Records for processing:
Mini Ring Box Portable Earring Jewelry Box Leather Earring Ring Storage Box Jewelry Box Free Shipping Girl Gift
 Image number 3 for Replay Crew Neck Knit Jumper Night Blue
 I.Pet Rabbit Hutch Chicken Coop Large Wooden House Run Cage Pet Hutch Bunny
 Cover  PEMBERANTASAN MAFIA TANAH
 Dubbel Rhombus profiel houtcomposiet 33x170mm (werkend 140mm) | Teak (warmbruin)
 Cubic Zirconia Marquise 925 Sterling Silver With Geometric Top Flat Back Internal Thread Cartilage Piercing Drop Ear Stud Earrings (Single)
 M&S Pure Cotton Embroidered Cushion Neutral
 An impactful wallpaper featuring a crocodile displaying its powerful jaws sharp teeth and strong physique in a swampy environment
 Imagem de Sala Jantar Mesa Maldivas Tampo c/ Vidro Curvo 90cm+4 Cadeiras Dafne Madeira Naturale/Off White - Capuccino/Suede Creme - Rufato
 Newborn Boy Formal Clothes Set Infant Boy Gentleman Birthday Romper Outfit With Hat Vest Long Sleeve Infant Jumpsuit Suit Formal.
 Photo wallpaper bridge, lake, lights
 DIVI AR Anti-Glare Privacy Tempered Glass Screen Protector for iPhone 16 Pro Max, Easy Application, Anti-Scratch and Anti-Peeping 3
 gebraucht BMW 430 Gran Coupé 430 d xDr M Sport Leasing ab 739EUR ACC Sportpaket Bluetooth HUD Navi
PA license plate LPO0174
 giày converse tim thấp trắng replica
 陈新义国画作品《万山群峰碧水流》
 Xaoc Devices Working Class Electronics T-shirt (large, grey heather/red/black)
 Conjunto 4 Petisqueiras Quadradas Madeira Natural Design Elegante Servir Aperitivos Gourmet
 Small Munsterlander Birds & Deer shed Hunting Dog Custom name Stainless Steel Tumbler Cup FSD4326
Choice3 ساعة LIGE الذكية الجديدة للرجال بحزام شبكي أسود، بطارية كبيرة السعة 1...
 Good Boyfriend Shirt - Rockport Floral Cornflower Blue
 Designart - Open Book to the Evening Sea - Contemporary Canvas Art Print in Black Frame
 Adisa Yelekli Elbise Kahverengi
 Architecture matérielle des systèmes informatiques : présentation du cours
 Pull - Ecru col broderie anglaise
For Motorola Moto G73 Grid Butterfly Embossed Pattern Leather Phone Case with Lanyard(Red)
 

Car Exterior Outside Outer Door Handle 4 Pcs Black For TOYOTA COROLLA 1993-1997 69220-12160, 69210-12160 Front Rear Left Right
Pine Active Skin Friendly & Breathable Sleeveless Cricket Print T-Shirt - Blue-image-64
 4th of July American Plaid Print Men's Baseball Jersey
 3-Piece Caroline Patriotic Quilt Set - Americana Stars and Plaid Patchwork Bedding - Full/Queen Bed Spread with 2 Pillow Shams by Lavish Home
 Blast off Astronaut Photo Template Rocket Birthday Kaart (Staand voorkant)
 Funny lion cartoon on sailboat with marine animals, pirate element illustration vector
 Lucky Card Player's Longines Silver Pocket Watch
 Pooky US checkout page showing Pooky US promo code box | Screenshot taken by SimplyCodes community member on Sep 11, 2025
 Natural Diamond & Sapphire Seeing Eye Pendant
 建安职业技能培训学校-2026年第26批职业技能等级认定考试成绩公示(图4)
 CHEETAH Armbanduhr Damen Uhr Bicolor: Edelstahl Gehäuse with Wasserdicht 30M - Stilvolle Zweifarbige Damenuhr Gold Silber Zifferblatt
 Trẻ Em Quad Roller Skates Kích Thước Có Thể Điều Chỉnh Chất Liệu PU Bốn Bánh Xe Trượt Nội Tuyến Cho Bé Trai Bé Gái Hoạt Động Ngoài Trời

Task instructions:
Within the data above, the lines from the one with "Adisa Yelekli Elbise Kahverengi" to the one with "Pine Active Skin" must be repeated exactly; no other line belongs in the answer.

The completed task:
 Adisa Yelekli Elbise Kahverengi
 Architecture matérielle des systèmes informatiques : présentation du cours
 Pull - Ecru col broderie anglaise
For Motorola Moto G73 Grid Butterfly Embossed Pattern Leather Phone Case with Lanyard(Red)
 

Car Exterior Outside Outer Door Handle 4 Pcs Black For TOYOTA COROLLA 1993-1997 69220-12160, 69210-12160 Front Rear Left Right
Pine Active Skin Friendly & Breathable Sleeveless Cricket Print T-Shirt - Blue-image-64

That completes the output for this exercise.